知恵蔵 「大阪北部の地震」の解説
大阪北部の地震(2018)
日本で発生する中規模の地震のうち、M6.0以上M7.0未満のものは年平均17回を数える。ただし、震央が市街地に近く、地下の浅い場所で起こる内陸直下型地震では、規模が大きくなくても震源からの距離が小さいため、大きな被害を招くことがある。なお、今回の大阪北部の地震の震源の西方には、1596年にM7.5とされる慶長伏見大地震が発生した有馬―高槻断層帯があり、その西には1995年に阪神・淡路大震災を引き起こすM7.3の兵庫県南部地震が発生した六甲―淡路島断層帯が延び、いずれも大災害をもたらした。今回の大阪北部の地震で、高槻市では小学校のプールのブロック塀が倒れ、登校中の小学4年生の女児が下敷きになり全身骨折による失血死で犠牲になった。他に、3人が民家のブロック塀の下敷きになったり、倒れた本棚に挟まれたりして死亡した。高槻市の小学校で倒壊したブロック塀は学校のプール沿いにあった。74年にできた基礎部分約1.9メートルの上に、その後に目隠し代わりとして1.6メートルほどつぎ足すように設置されていた。通学路の路面からの高さは3.5メートルにもなり、控え壁も設置されていなかった。

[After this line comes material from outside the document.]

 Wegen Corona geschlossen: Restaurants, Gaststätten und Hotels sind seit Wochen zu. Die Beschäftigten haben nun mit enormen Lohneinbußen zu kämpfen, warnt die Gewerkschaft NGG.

ブロック塀などが地震で倒壊することによる人身被害は以前から問題視されており、68年の十勝沖地震をうけて71年に改正された建築基準法施行令などでブロック塀に関しても、高さは3メートルまでとするなどの基準が設けられた。その後、78年の宮城県沖地震では死者28人中、小学生など18人がブロック塀や門柱の下敷きとなった。このため、81年の建築基準法の改正では、従来「震度5程度の地震で倒壊しないこと」だった耐震基準を、「震度6強から7に達する大規模地震で倒壊・崩壊しないこと」に引き上げた。この際に同法施行令でブロック塀について、高さの上限を2.2メートルとし、鉄筋の使用や補強のための控え壁の設置について規定した。以降の改正でも、一定の条件で構造計算をするなどで安全性を確認できない限り、この制限を超えて建築することはできない。高槻市の小学校のブロック塀が設置された時期は不明だが、市は建築基準法に適合していなかったと明らかにした。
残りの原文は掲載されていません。